World

From Iraq, a defence of beauty

November 05, 2009
Bright idea: can beauty and create a more peaceful world?
Bright idea: can beauty and create a more peaceful world?

Poverty, for the outsider, is often picturesque. But not here. This neighbourhood on the outskirts of Amara in southern Iraq has got to be the most hideous place I have ever seen: garbage, dirt, battered metal carcasses of "dead" cars, deep holes gouged out of the ground, dusty children wearing filthy clothes, the houses simultaneously decrepit and unfinished.

But it isn’t the poverty that is shocking, it is the ugliness. Yes, the people here are poor, but I’ve been to poorer places in Afghanistan, and in India.
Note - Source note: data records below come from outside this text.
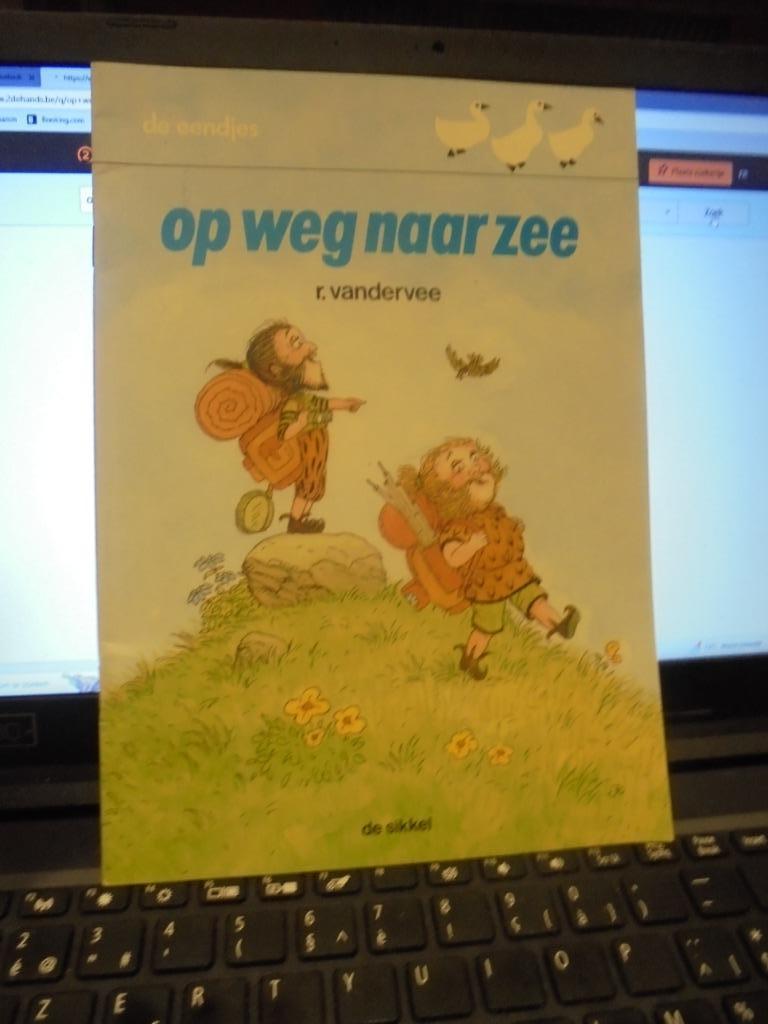 Op weg naar zee, Ophalen of Verzenden, Gelezen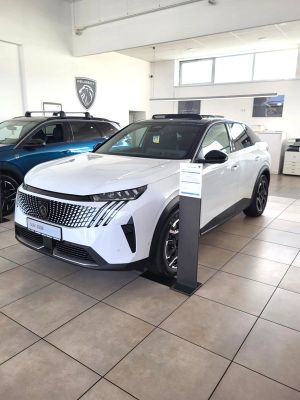 Peugeot 3008 III 1.6 PHEV 195 GT E-DCS7 2025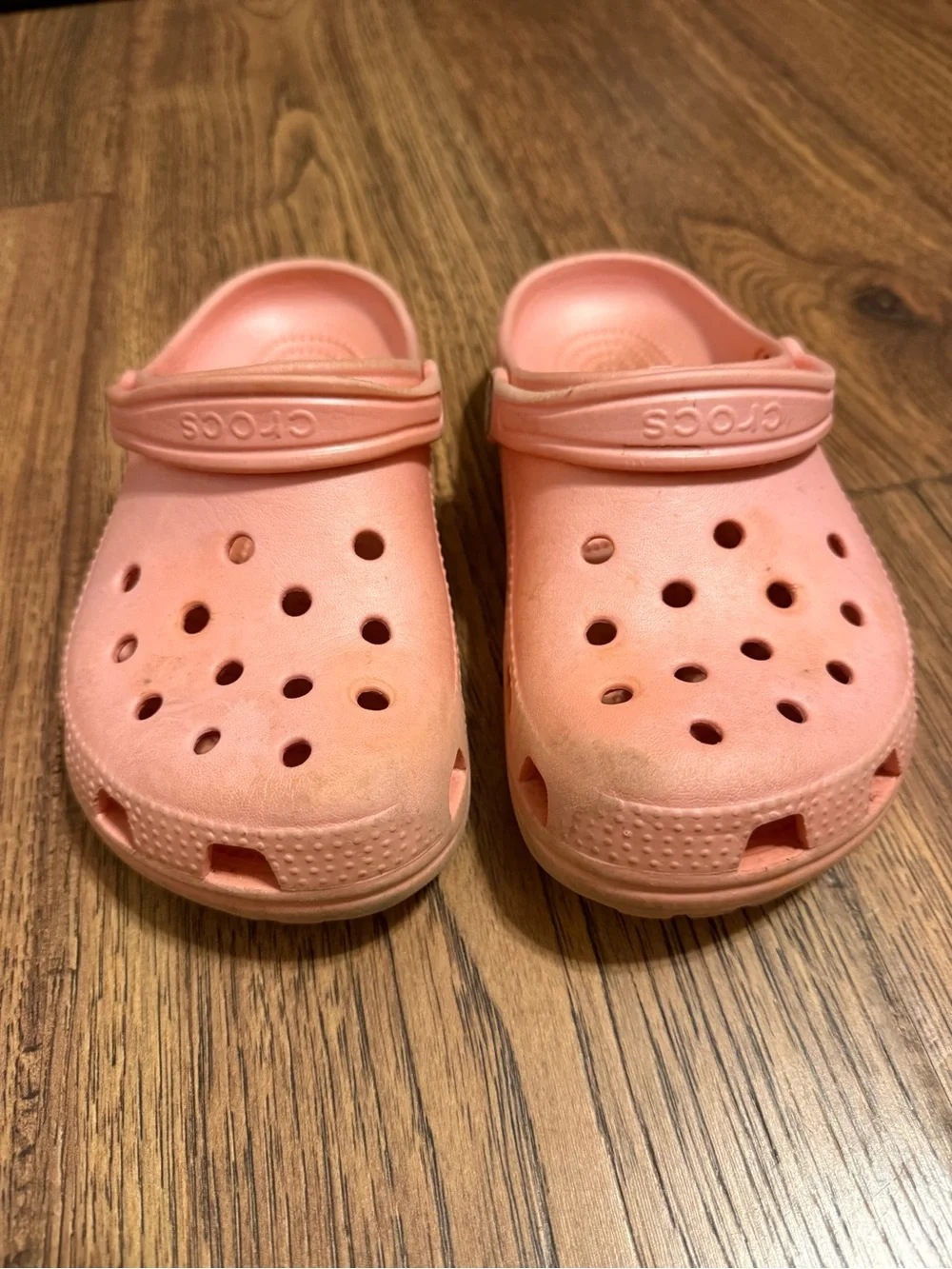 Kids Coral Slip-On Clogs - Comfortable Everyday Shoes J2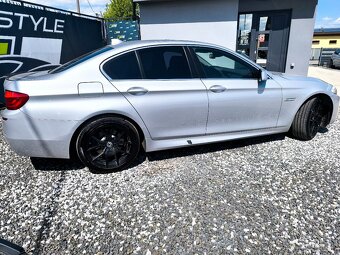 BMW Rad 5 525d A/T - 13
But even in those places at least your eye could rest somewhere and find something of beauty.

What, I wonder, would it be like to grow up here? Not in terms of the danger or the poverty—we can all pretend to imagine what that is like. But what would it be like never to see anything pretty—only brown dirt, brown houses, dirty red cloth, and dust everywhere?  In the middle of a warzone, do I sound like an effete aesthete? Maybe. But there are worse things to be in the midst of a warzone.



We need beauty, not perhaps as much as we need water, not as much as food, not as much as love, well, maybe just as much as love. Think of the tribal carpets woven in Samarkand, think of that Anglo-Saxon hoard of gold recently discovered in Staffordshire. Without beauty, and without the ability to appreciate it, are we fully human?

Back in London, the guy at the electrical shop down the road from my house suggests I stock up on lightbulbs. He tells me that the EU has legislated against inefficient incandescent bulbs and insists we replace them with low-energy fluorescents. It will lessen CO2 emissions, and perhaps help to slow global warming. But my God! Fluorescents are ugly. Incandescent light, like candles, makes skin glow. Fluorescent light sucks out our soul, making us look half dead.

I used to joke, sitting in hotels and offices in Ramallah or Jerusalem, that maybe the middle east crisis is caused by the fact that most of the rooms there have fluorescent lighting. Pretty lighting won’t bring peace to the area but it is a step in the right direction. How can a child’s soul develop if he or she never sees anything beautiful? Can we write poetry if we live in a world of fluorescent lighting?

Beauty is deep, deeper than our skin.